Abstract

Interassay error caused by the inconsistent nature of rumen fluid inoculum confounds comparisons of forage in vitro neutral detergent fiber (NDF) digestibility (NDFD) analyzed in different repetitions or laboratories. Our objective was to determine if priming rumen fluid and allowing it to produce a standard amount of gas before inoculating samples improved assay repeatability. In 2 experiments, we compared interassay error of NDFD estimates between several in vitro assays. In both experiments, dried, ground (1mm) alfalfa samples (0.5g) sealed in bags were placed in 125-mL Erlenmeyer flasks and incubated with in vitro media and 10mL of rumen fluid. In experiment A, rumen fluid was collected from a cannulated cow fed a high forage diet and prepared one of 2 ways; rumen fluid was either used immediately after it was collected and strained through cheese cloth (GVA), or strained fluid was combined with buffer, reducing solution, and 12.5mg of cellulose/mL of rumen fluid and allowed to produce a consistent amount of gas before inoculation (RPA).

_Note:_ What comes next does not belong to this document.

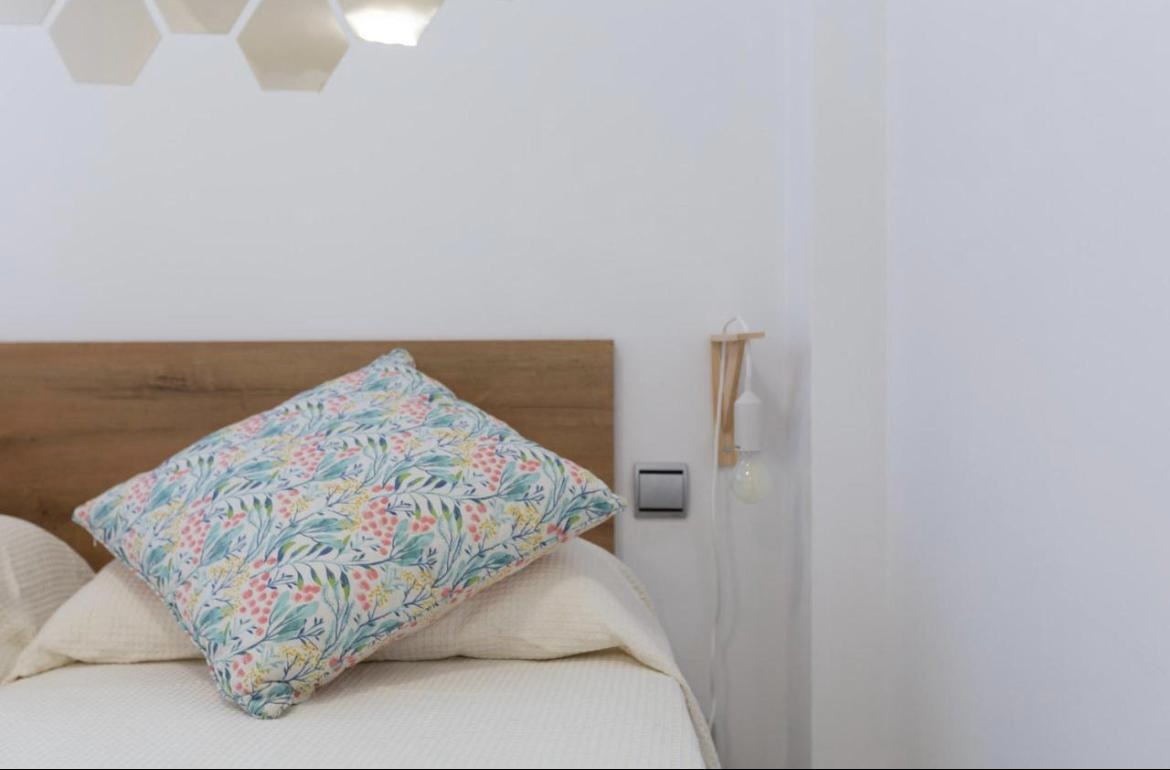 MEDIA TEMPORADA Se alquila del 1/9/2026 -  30/6/2027  bonito Duplex  apartamento en Benalmadena Costa a 200 metros de la playa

The assay was repeated 5 times, with 13 samples per method. In experiment B, inoculum was prepared one of 3 ways; RPA, GVA except rumen fluid was collected and pooled from 2 cows (GVB), or RPA with fluid pooled from 2 cows. The in vitro assays were repeated 5 times with 8 samples per method. Neutral detergent fiber was analyzed using a forage fiber analyzer and 24-h NDFD was determined as: NDFD (% of NDF)=100×[(NDF0h−NDFresidue)/(NDF0h)]. Data for each experiment were analyzed using a mixed model procedure and repetition sum of squares for each technique was determined and compared with an F-test to assess technique interassay error. In both experiments, rumen fluid priming significantly reduced repetition sums of squares, 51.2 versus 503 and 23.3 versus 164, compared with the respective GVA or GVB. However, priming significantly decreased NDFD values, 22.5 versus 24.8 and 23.9 versus 26.6%, compared with GVA and GVB, respectively. Priming rumen fluid with cellulose improved in vitro NDFD assay precision, but depressed in vitro NDFD.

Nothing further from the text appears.